Little has changed since we first addressed the issue of the value metric in 2007 (344STR, SaaS Pricing: The Value Metric Is Only the Tip of the Iceberg, 3May2007).
As we noted back then, it is still the case that:
“Successful SaaS pricing is all about understanding the customer. It must appeal to the customer intuitively and must seem fair. It must show immediate returns to the customer and promise future value.”
Four of the best known pricing models are consumption, subscriptions, site licenses and auctions. These models are in turn based on different variables and calculated using very different processes. Each model may be more suitable for a specific kind of Cloud offering.
Figure 1: Four Familiar Cloud Pricing Models
Source: Saugatuck Technology Inc.
For example, consumption pricing usually requires metering to track usage, although basic, rudimentary consumption pricing may be based on simple time or transaction counts. However, metered usage may also make use of a rating engine (see Note 2) that calculates usage according to a service agreement and rate plan. This can get exotic and may include flat rates, elapsed-time rates, tiered rates, bracketed rates, metered-usage rates, day-of-week rates, time-of-day rates, or some combination of them and may also consider the license type, whether named or unnamed users, pooled or concurrent users, and so on. MetraTech introduced in 4Q2012 a “Real-time Commerce Decision Engine,” based on an extensible metadata-driven architecture that makes it possible to model services, introduce services and pricing plans, including products, services, groups of accounts, usage types, charge types, utilization or commitment tiers, resellers, national jurisdictions, and multiple currencies and to change them in rapid response to market demands. That modeling capability makes what-if pricing a practical reality for the first time.

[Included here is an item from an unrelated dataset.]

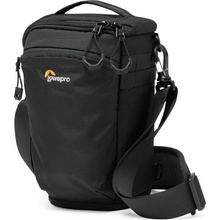 Lowepro ProTactic TLZ 70 Slim AW III 4L LP37498-PWW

Subscriptions, site licenses and auctions are three other familiar approaches to the value metric. “Per user per month” became a popular part of the IT vocabulary thanks to the early Cloud leadership of salesforce.com and other SaaS pioneers. However, the value metric has never been the whole story. The job of the value metric is to provide a proxy for the value provided by a Cloud solution and, typically allows the buyer to estimate the bottom line price; that is, before add-on services and options are included in the total Cloud solution bundle. The same goes for site licensing, with tiers making it easy to guess at the vanilla bottom-line price before all those enticing extras. Auctions are popular in the Cloud as a means of pricing products, e.g., on eBay, but typically do not apply to Cloud solutions with the former exception of Amazon Web Services, now discontinued as a pricing mechanism. The use of time-of-day Cloud pricing serves a similar function for the provider by maximizing infrastructure utilization through lower execution prices for under-utilized day parts.